The best kind of fiction, in my opinion, makes me feel something. It entertains, of course, and it educates, but above all, it stirs up deep emotion. The Magdalen Girls by V.S. Alexander does all of that.

Narrated by several characters, The Magdalen Girls is set in Ireland in the early 1960's. Teagan Tiernan is 16, navigating life with an alcoholic father and a doormat mother, only to find herself the object of the new parish priest's lustful attention. Nora Craven, a more headstrong teenager, throws herself at the boy who just dumped her, meeting the wrath of her sharp-tongued parents when they walk in on her. Through no real fault of their own, both girls end up tossed away like so much garbage at the Magdalen Laundry of the Sisters of the Holy Redemption, forced to slave away in silence in terrible conditions, with no pay, inadequate food, where every last bit of their identity is stripped away and they are reminded of their status as sinners at every step. Teagan and Nora befriend each other, bringing another girl, Lea, a favorite of the nuns, into their confidence as well.

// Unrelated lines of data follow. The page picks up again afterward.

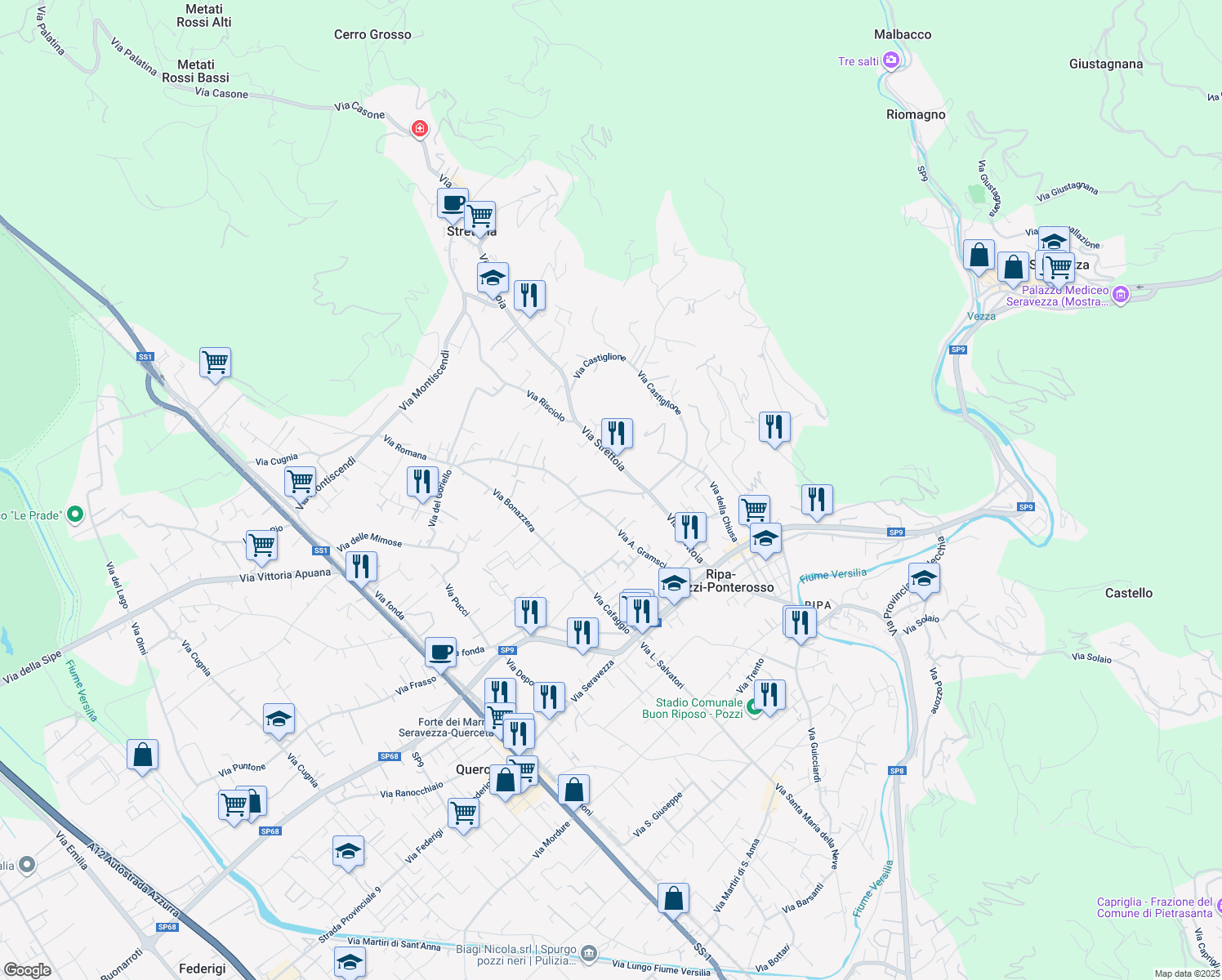map of restaurants, bars, coffee shops, grocery stores, and more near 39 Via Strettoia in Strettoia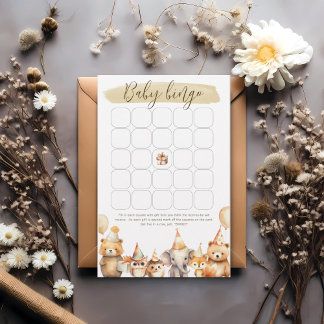 Papier Jeu de bingo pour baby shower sur le thème des ani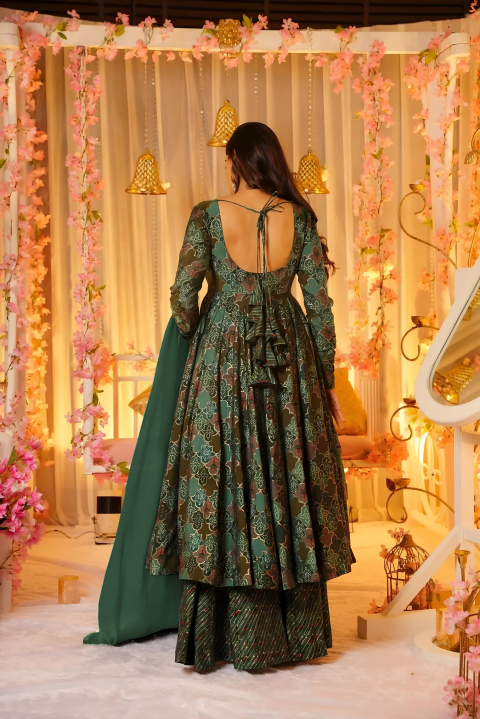 Pure Muslin Digital Print Anarkali Kurti Pant Dupatta Set Clothsvilla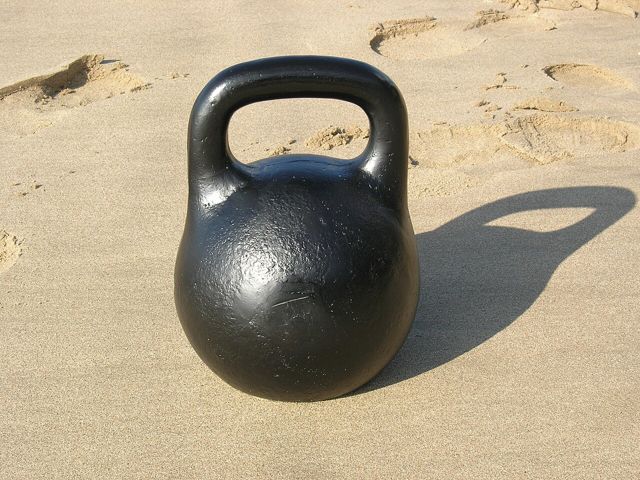 Kettlebell on sand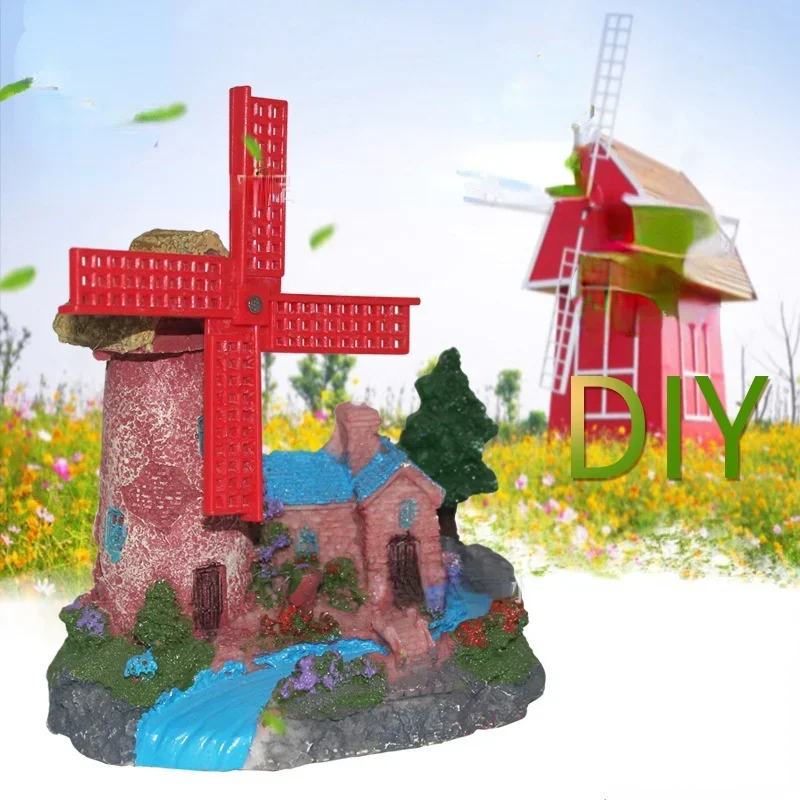

Каменная мельница для аквариума, вращающаяся декоративная модель, колесо для аквариума, ландшафтный дизайн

Escape plans are hatched, implemented and foiled; the entire community and all of society views them the same way as the Sisters do, as irredeemable trash whose only hope is to work themselves to the bone in order for God to forgive them. They're starved, beaten, burned, sprayed with freezing water, all in the name of God and redemption. Tragedy follows the girls at every corner, and while redemption does finally come for one, it's at a terrible, terrible cost.

The Magdalen Girls brought tears to my eyes and made my hands shake with rage. I'd known about the laundries before I read this book, but not quite the full extent of their horror. Full disclosure: I was raised Catholic and attended Catholic school growing up, but- shocker- we were never taught about these. I first learned of them when they were discussed on a parenting messageboard I participated in in my early 20's (at that point, I hadn't considered myself Catholic for some time), and was horrified. And my horror has only grown the more I've learned about them.

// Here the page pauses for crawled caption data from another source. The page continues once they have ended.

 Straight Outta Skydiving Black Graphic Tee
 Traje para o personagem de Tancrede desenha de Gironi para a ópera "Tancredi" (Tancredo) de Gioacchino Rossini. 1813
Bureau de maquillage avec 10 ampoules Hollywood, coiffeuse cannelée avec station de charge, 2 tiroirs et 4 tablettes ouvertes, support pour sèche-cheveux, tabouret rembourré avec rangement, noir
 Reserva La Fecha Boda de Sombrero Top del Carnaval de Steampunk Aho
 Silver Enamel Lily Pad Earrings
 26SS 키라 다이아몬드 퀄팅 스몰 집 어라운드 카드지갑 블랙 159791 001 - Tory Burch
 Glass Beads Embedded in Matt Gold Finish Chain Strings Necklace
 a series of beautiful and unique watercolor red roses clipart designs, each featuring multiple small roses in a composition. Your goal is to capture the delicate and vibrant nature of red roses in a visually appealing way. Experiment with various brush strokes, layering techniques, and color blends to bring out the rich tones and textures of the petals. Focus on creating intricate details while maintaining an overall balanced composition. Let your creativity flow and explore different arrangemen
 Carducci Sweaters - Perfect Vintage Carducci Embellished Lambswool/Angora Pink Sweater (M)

Apparently, sexual sin in Ireland at this time was akin to murder, and even sexual thoughts were enough to condemn a young girl. While some of the women forced into the laundries were prostitutes, others were rape or incest victims; still others were so pretty that they were considered at risk for sexual sin and were locked away on that charge alone. Pregnant women were forced to give their babies up for adoption- there was no other option- and some women were imprisoned in the laundries for life. Those who were allowed out found themselves ill-prepared for life on the outside, with no education, no job skills, and no social skills, since the nuns forbade talking. Many, if not all, left more damaged (physically, sexually, and emotionally) than when they first entered.

When I was twelve, Sinead O'Connor performed on Saturday Night Live and ripped a picture of the Pope at the end of her song, and it was all anyone could talk about at school the next day. She was universally condemned by the elders who surrounded me, but even back then I had questions about her motives. And once I learned that she had spent time in a Magdalene laundry, suddenly, it all made sense.

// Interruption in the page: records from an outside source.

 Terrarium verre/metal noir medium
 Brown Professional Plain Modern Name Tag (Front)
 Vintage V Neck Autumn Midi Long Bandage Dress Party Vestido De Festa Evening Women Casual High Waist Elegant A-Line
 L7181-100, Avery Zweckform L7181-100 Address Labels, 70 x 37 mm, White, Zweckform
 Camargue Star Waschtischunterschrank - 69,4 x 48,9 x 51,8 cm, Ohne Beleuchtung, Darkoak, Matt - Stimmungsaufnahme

This book is everything I look for in fiction. It sent me down a path, Googling everything I could find about the laundries. I watched one documentary, Sex in a Cold Climate, and bookmarked another for when I get time, The Forgotten Maggies. I read article after article after article after article, tearing up, shaking with unabashed fury at the injustice of it all, at a Church so quick to condemn women simply for the sake of being female, and at the utterly complicit society who bought into it all. For a work of fiction to do that, to give voice to so many who were silenced for far too long, that's a powerful thing, and this is absolutely a book that needed to be written.


V.S. Alexander is a pen name of author Michael Meeske; you can visit his webpage here and follow him on Twitter here.

2 comments:

  1. I've never heard of the laundries before. Sounds sad, but fascinating. I'm adding this book to my TBR list on Goodreads. Thanks for the heads-up!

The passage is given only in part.